There are various solutions for big data storage and analysis. These three sections
discuss just a few.
Distributed computing refers to data storage and processing achieved through many
smaller, networked computers rather than on single supercomputers or very large servers.
ApacheTM Hadoop® is a leading example of open-source software that uses distributed computing
to achieve big data storage and analysis. The interested reader can find many articles
on Hadoop on www.sas.com.
There are many advantages to using distributed computing:
-
Distributed computing can achieve dramatic improvements in storage efficiency over
other solutions. Efficiency is essential when dealing with big data.
-
Distributed computing allows for faster processing speed and power, which means it
can more easily deal with the velocity of big data.
-
Scalability – the ability to grow or shrink your processing capacity quickly and easily
– is facilitated by systems similar to Hadoop, because you can add or subtract smaller
machines, with ease, as required.
-
You do not have to force the data into particular shapes in distributed systems like
Hadoop. Therefore, you can store and potentially analyze completely unstructured data.
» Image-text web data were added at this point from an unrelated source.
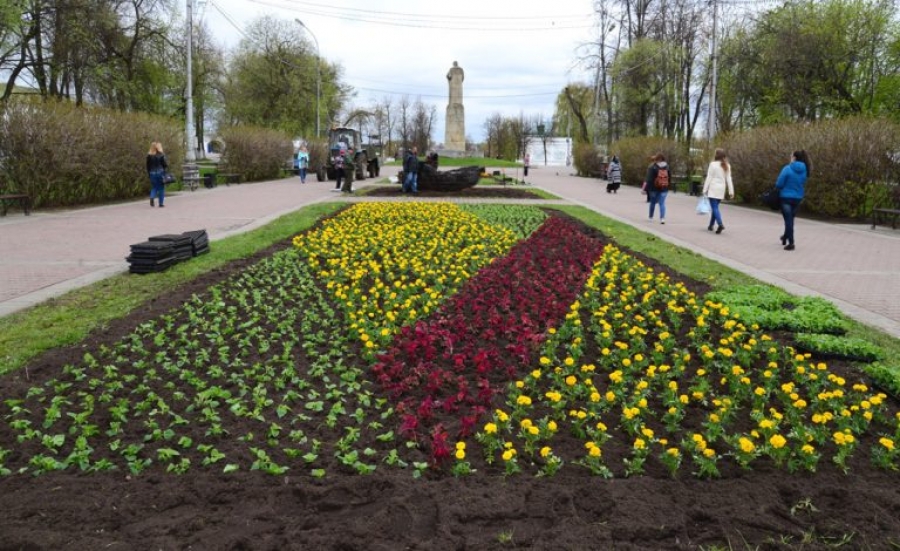 Этим летом Кострому украсят почти 120 тысяч цветов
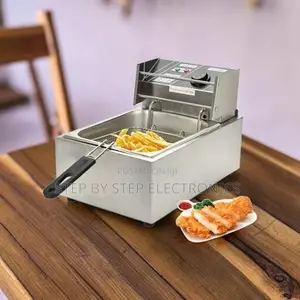 Modern 4l/6l/10l Electric Single Tank Stainless Steel Deep Fryer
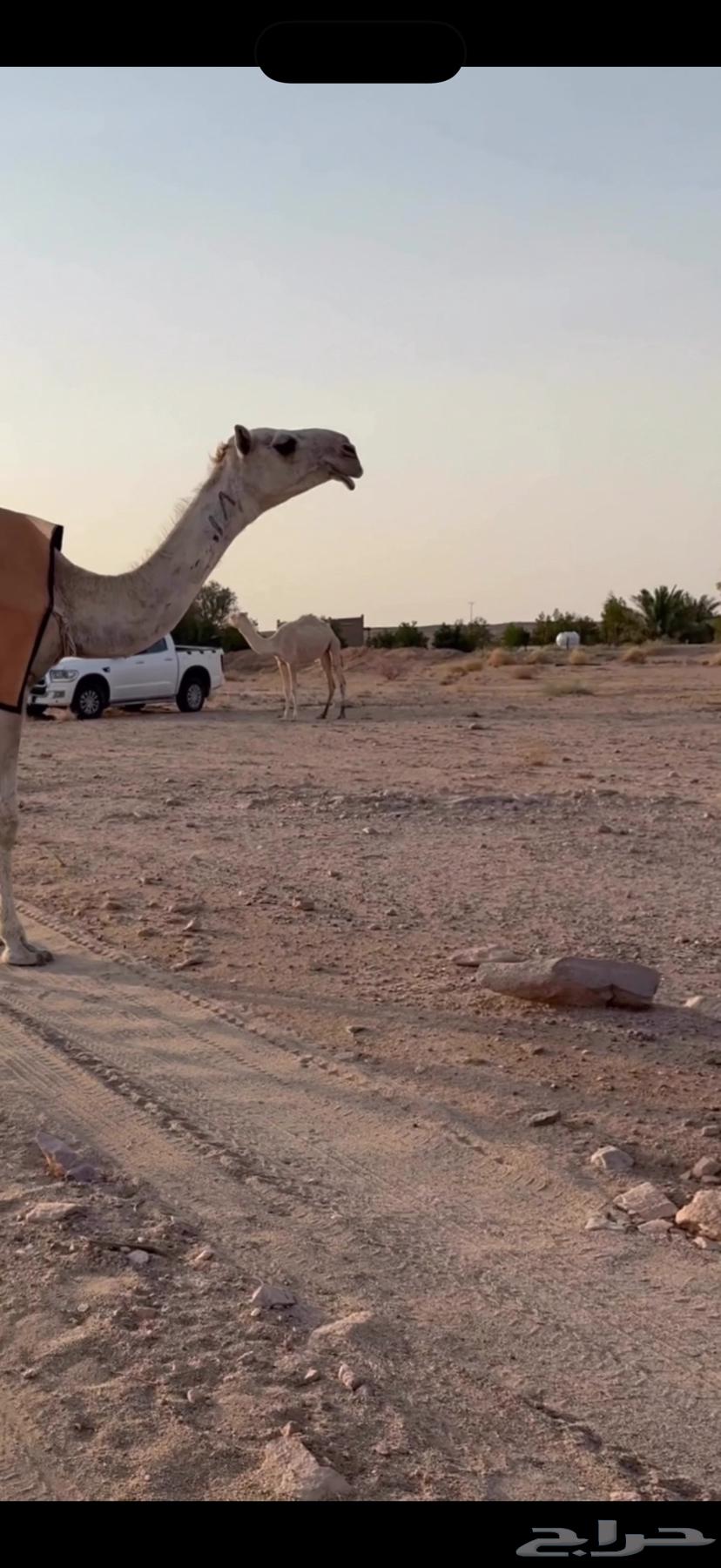 للبيع بكره حيسونيه حقه شقحا كفو كفو64361682310273112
This is not the case with structured data warehouses, as discussed next.
-
Cost is lower. Networking and using smaller commodity machines is cheaper than buying
fewer, bigger machines, and usually easier to upgrade.
-
Data integrity and safety is far better. Because the tasks are spread over many (potentially
thousands) of small machines, individual machine failures are easily dealt with by
the framework by quickly excluding the failed machine. Backups are usually kept.
SAS has positioned itself as an excellent partner for Hadoop in particular, providing
an end-to-end solution for processing the big data, passing it to Hadoop, and analyzing
the processed data.